## Entries provided
=-=-=-=-=

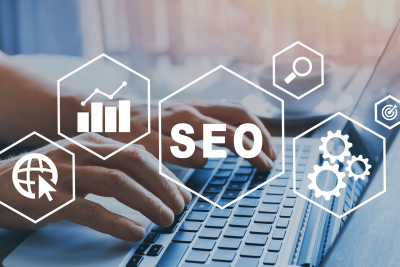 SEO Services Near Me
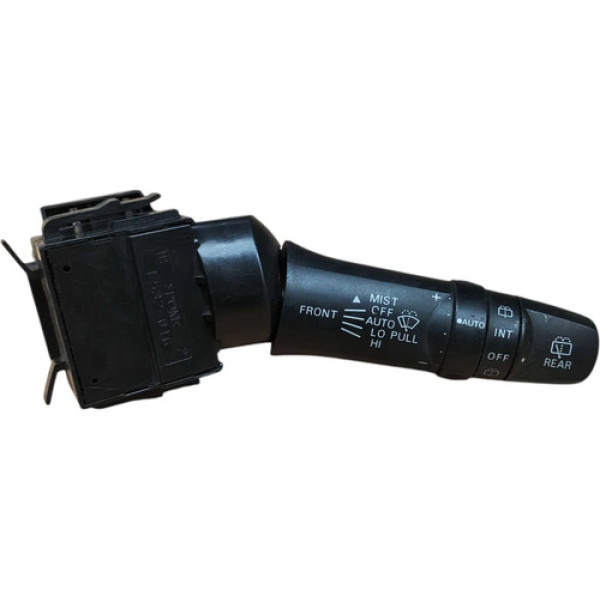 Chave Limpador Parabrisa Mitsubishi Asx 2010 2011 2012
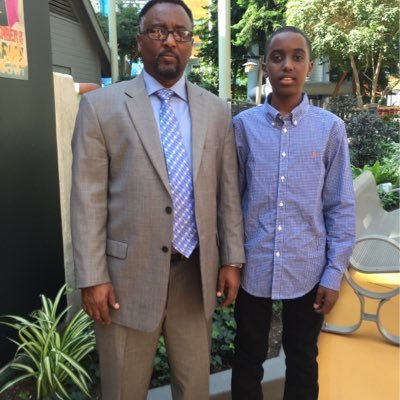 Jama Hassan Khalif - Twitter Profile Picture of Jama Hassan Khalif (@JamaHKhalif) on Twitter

=-=-=-=-=

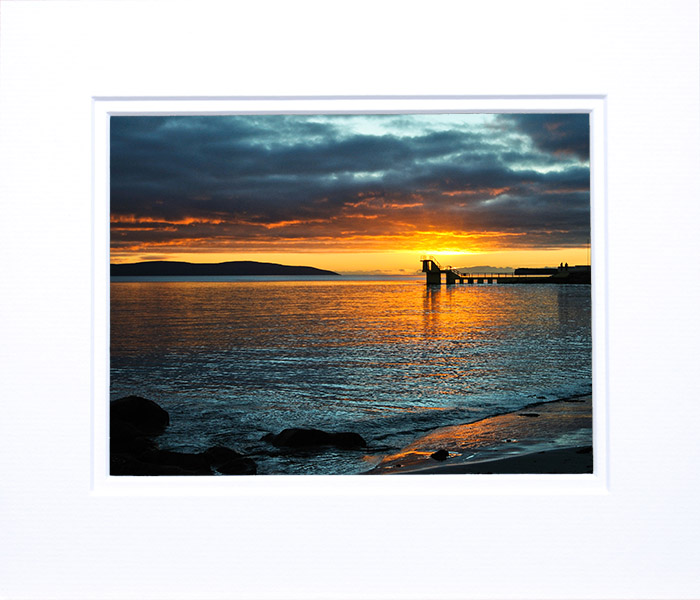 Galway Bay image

=-=-=-=-=

## Task statement
In the listing above, find the line with "Chave Limpador Parabrisa" and the line with "Jama Hassan Khalif - Twitter". Transcribe those two and everything between, exactly, leaving out pictures.

## Written solution
 Chave Limpador Parabrisa Mitsubishi Asx 2010 2011 2012
 Jama Hassan Khalif - Twitter Profile Picture of Jama Hassan Khalif (@JamaHKhalif) on Twitter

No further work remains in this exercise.